Task brief →
All records below must be reproduced exactly, although any pictures they contain are to be omitted.

········

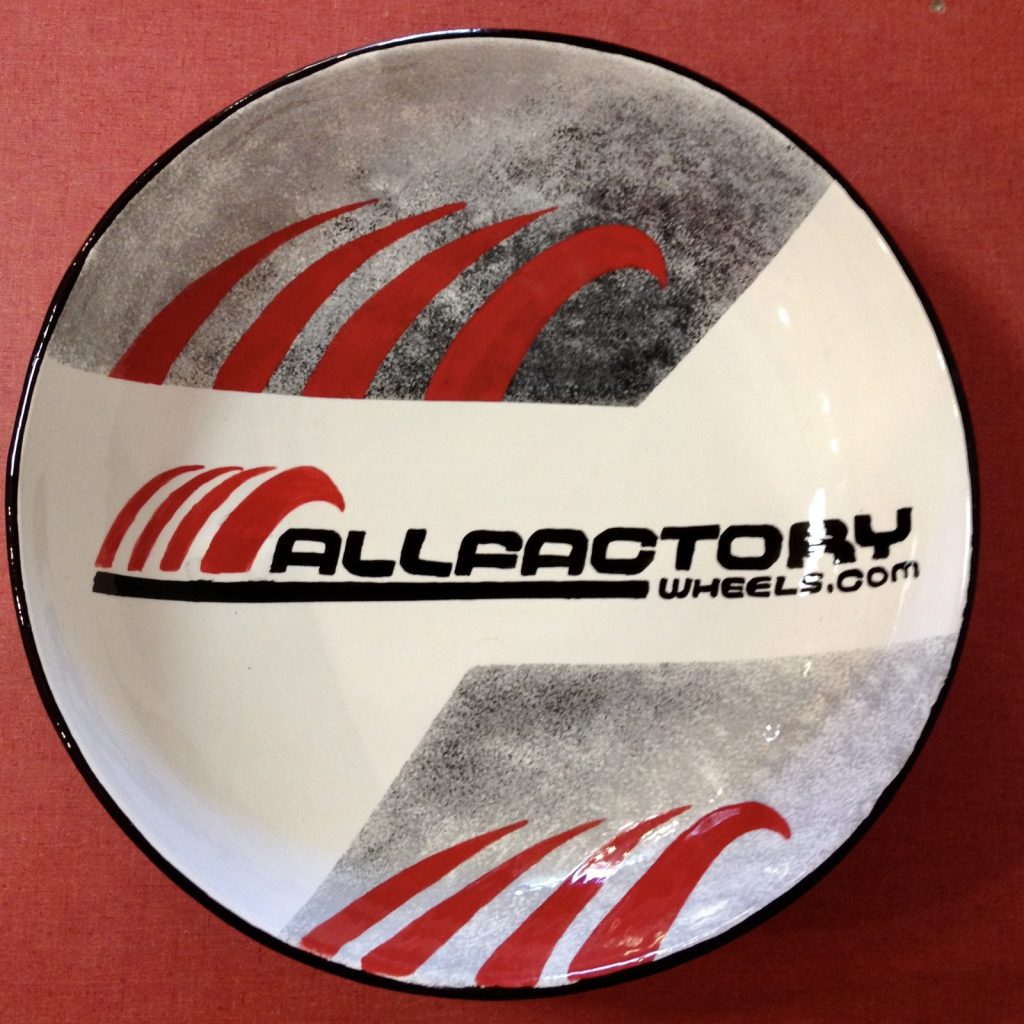 Hand-painted round bowl with a red and black wheels company logo and gray brushstrokes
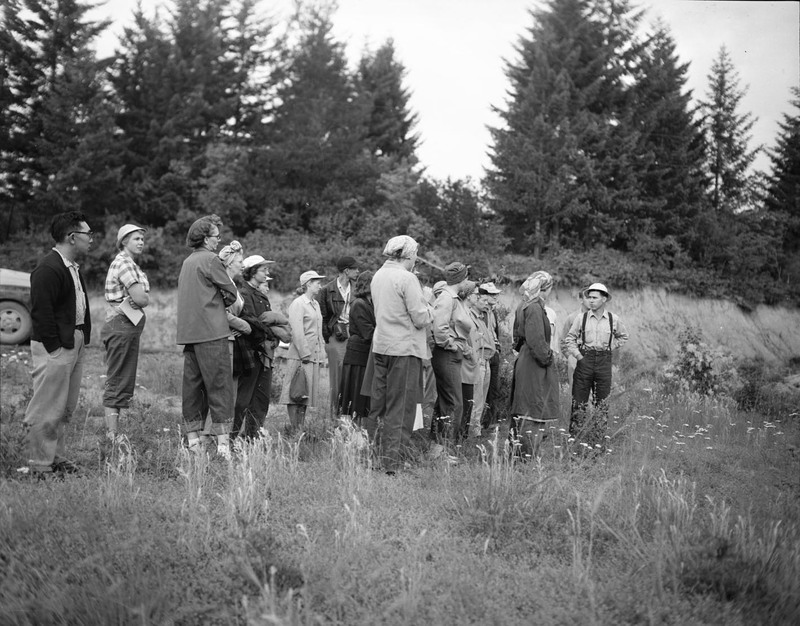 Students gather on a hilltop during a summer hiking class.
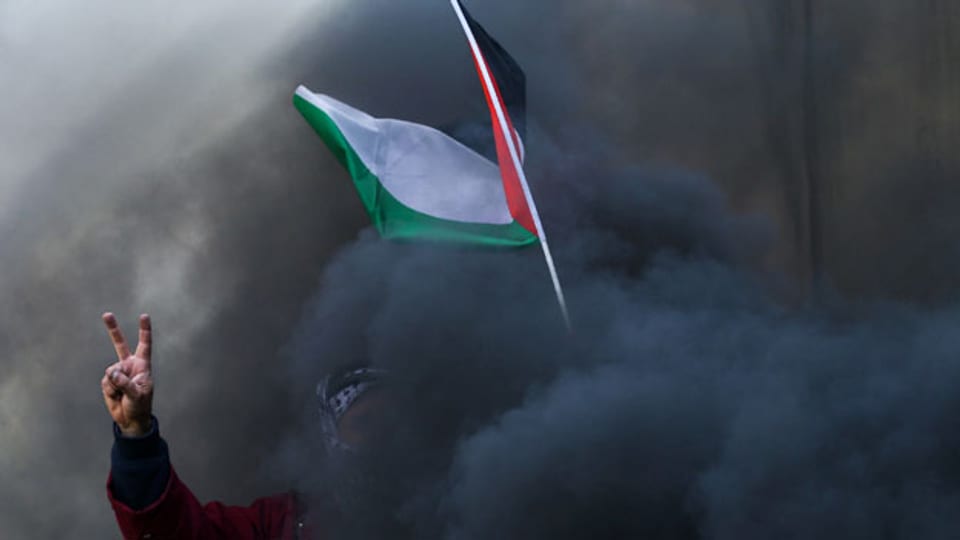 Ein Demonstrant mit einer palästinensischen Fahne bei Zusammenstössen mit israelischen Truppen am 17. Februar 2017 bei Ramallah.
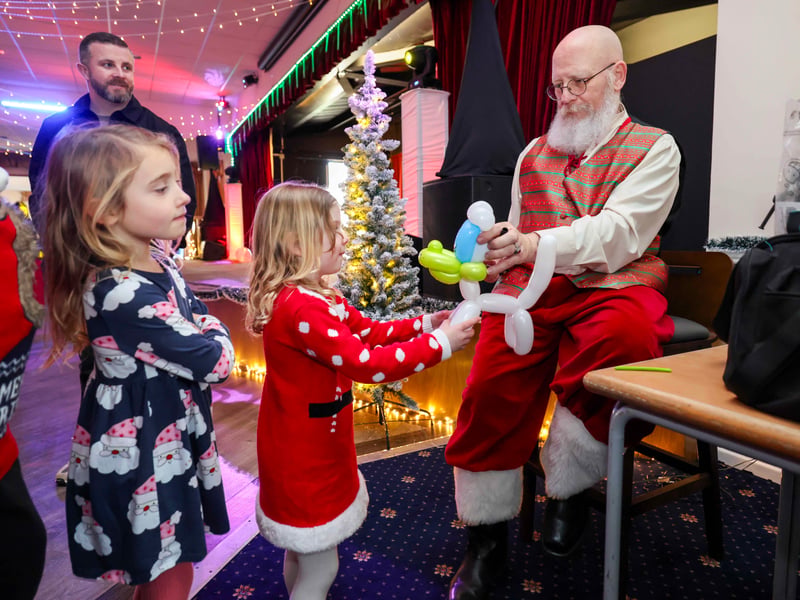 Creative entertainment: Young guests watch in amazement as the balloon artist creates colourful designs.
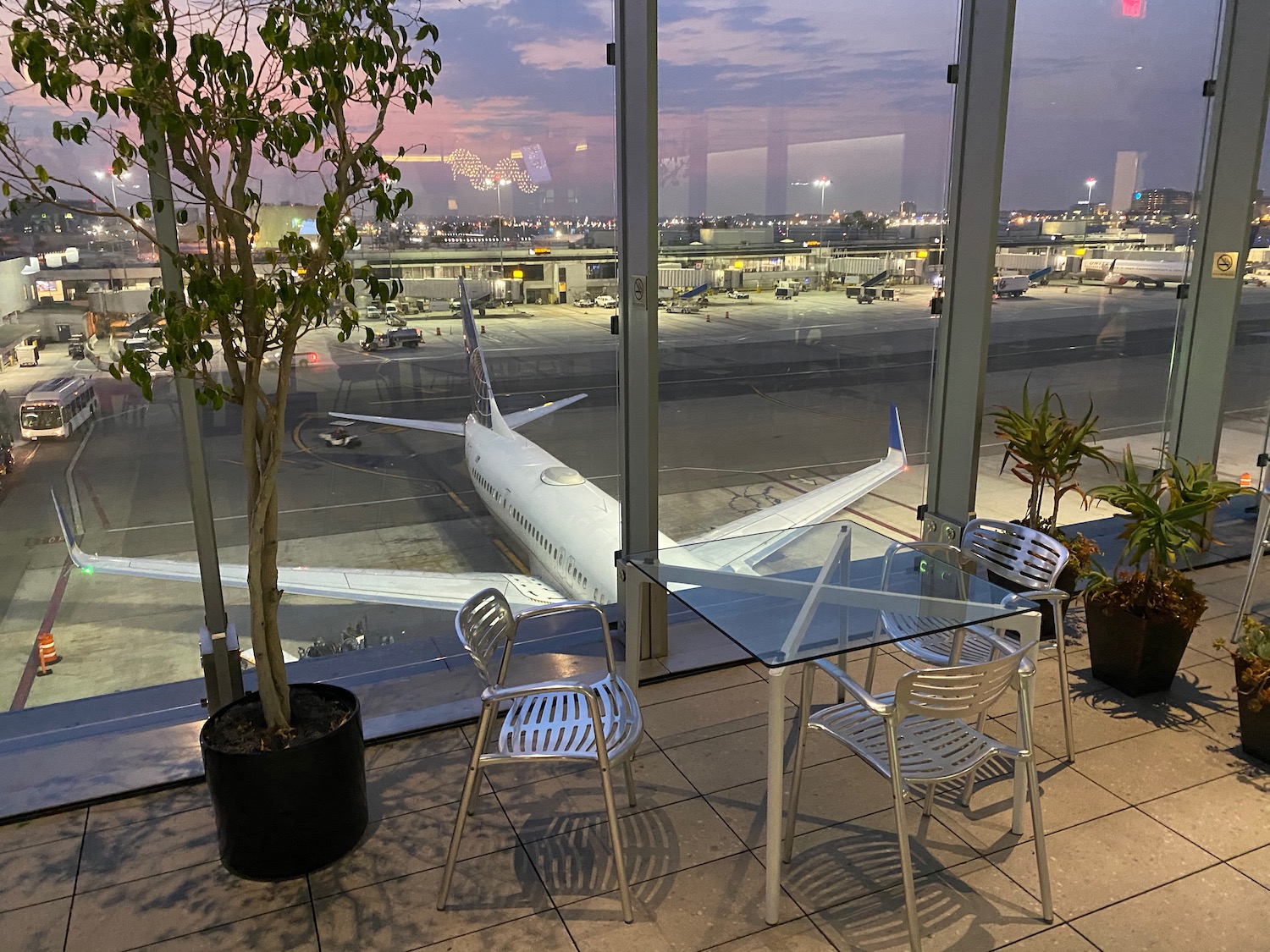 a glass table and chairs in a room with a plane in the background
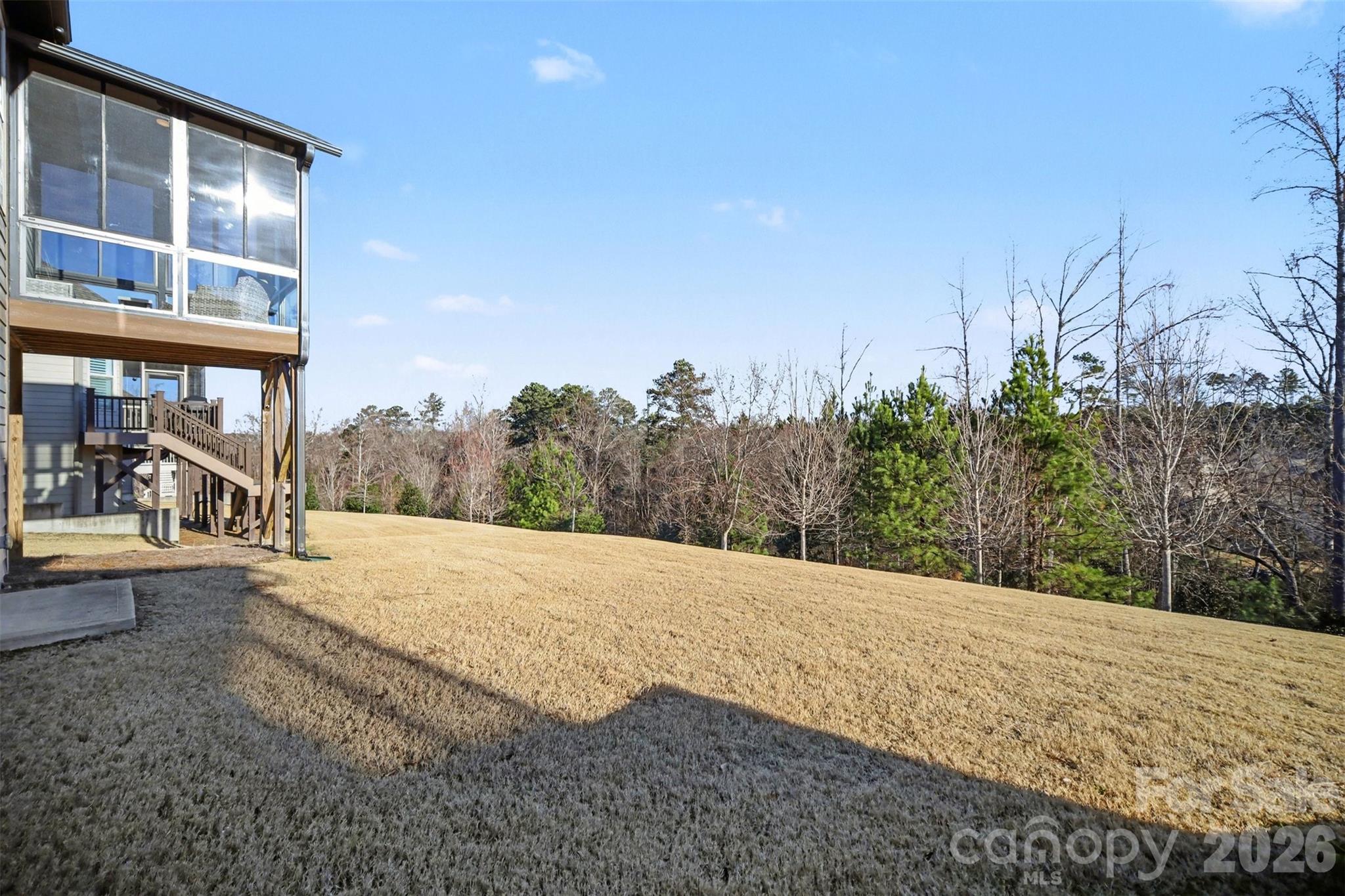 15828 Vale Ridge Drive Charlotte, NC 28278 - Photo 31 of 33 a view of a house with a yard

········

Exercise output →
 Hand-painted round bowl with a red and black wheels company logo and gray brushstrokes
 Students gather on a hilltop during a summer hiking class.
 Ein Demonstrant mit einer palästinensischen Fahne bei Zusammenstössen mit israelischen Truppen am 17. Februar 2017 bei Ramallah.
 Creative entertainment: Young guests watch in amazement as the balloon artist creates colourful designs.
 a glass table and chairs in a room with a plane in the background
 15828 Vale Ridge Drive Charlotte, NC 28278 - Photo 31 of 33 a view of a house with a yard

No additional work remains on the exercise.